University of Iowa.jpg

A chemistry professor at the University of Iowa got slammed recently by colleagues for voicing the view that Darwinian evolutionary theory has "holes...that are big enough to drive a semi-truck through."

The professor, Ned Bowden, was writing in an official university publication, Iowa Now, and 25 of his fellow faculty members took umbrage. They signed a collectively authored letter chastising him, reminding Dr. Bowden that Evolution Is a Fact -- "we no longer debate the central principles of evolutionary theory as a scientific framework for understanding Earth's diversity" -- and chiding Iowa Now for publishing the piece and thereby doing "a disservice to the university."

There are several points of interest here.

First, Bowden's remark about the semi-truck is actually in the context of a very mild article, "Common Ground: A Case for Ending the Animosity Between Science and Religion," expressing the general view that science and religion need not conflict. He makes crystal clear that he is no Young Earth Creationist -- "I have utter confidence in radioactive dating." There's not a word about intelligent design either. In fact he uses a standard theistic evolutionary formulation about how "it is highly possible that evolution was the tool that God used to bring humans into being."

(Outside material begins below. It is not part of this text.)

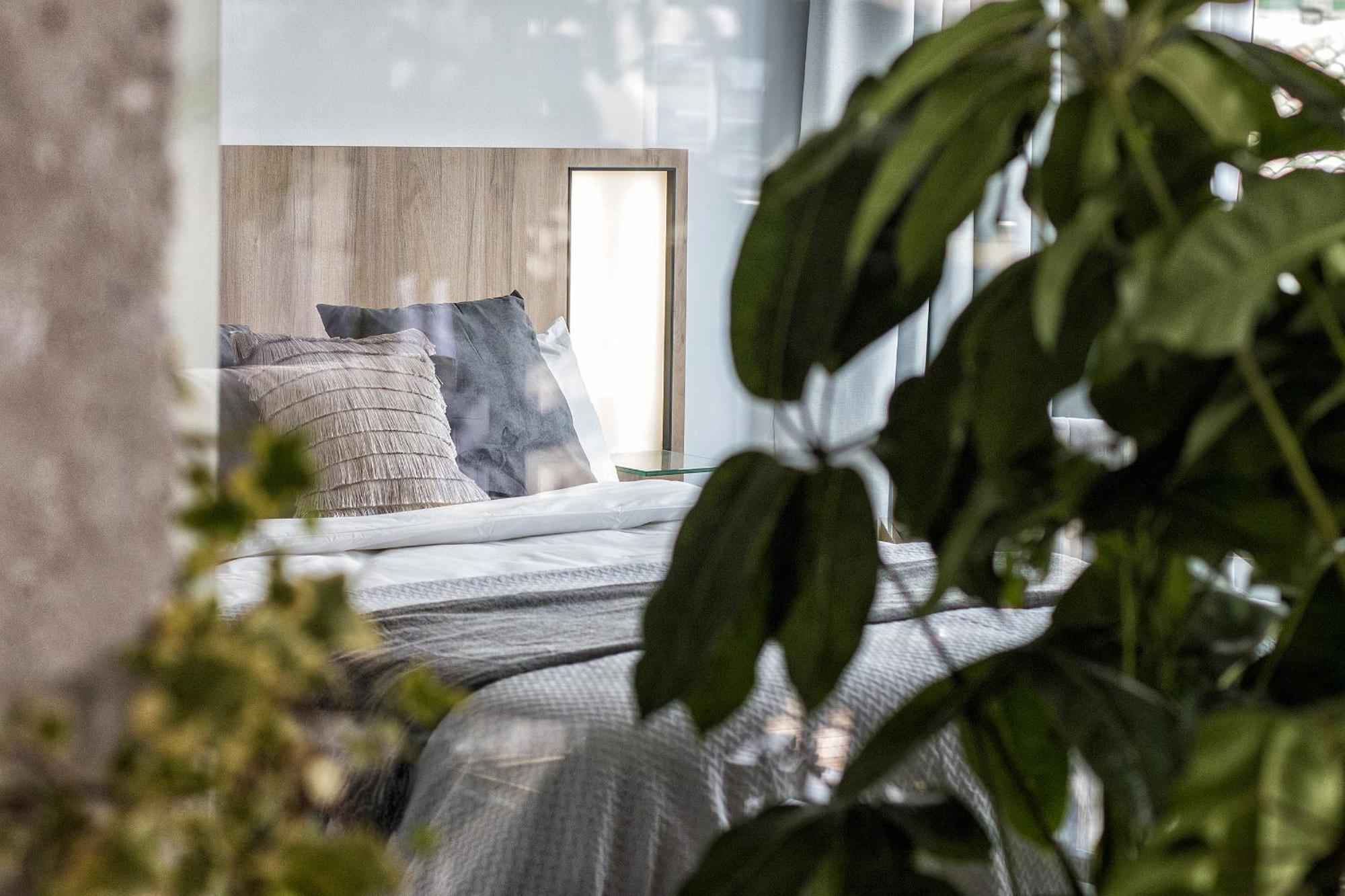 Luxury Alhambra Penthouse Collection Apartman Granada Kültér fotó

Poor guy! Many theistic evolutionists -- not, I'm sure, Dr. Bowden, who seems very sincere -- embrace the idea because it's supposed to protect you from attack by Darwinists. So that's a prophylactic, like some others I can think of, that's not 100 percent effective after all.

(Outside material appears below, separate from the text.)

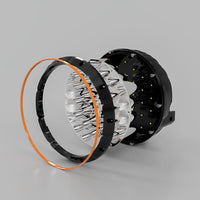 STEDI TYPE-X ™ SPORT 8.5 LED DRIVING LIGHTS - TL Spares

Second, in contrast to the situation at Ball State University, a University of Iowa spokesman commented to Inside Higher Ed that Bowden has every right to his opinion and every right to express it in a university publication: "as a public university, we welcome a diversity of views and encourage robust and civil dialogue." Well, good for them!

Third, on the point about Darwinian theory having holes you could "drive a semi-truck through," why does that sound familiar? Holes, gaps...oh, right...it reminds me of what Harvard computer scientist Leslie Valiant writes in his book Probably Approximately Correct, quoted by Berkeley mathematician Edward Frenkel in his New York Times review, about how Darwinism "has the gaping gap that it can make no quantitative predictions as far as the number of generations needed for the evolution of a behavior of a certain complexity" (emphasis added).

Why does Valiant get away with saying that, while Bowden is publicly condemned by 25 of his closest colleagues? It seems unfair. Is it that Bowden specifies the size of the "holes" in terms of the dimensions of a particular vehicle, a semi-truck? So if Valiant said that the gap in Darwinian theory was so large you could drive a double-wide mobile home through it, then that would have brought the wrath of the Harvard faculty down on him?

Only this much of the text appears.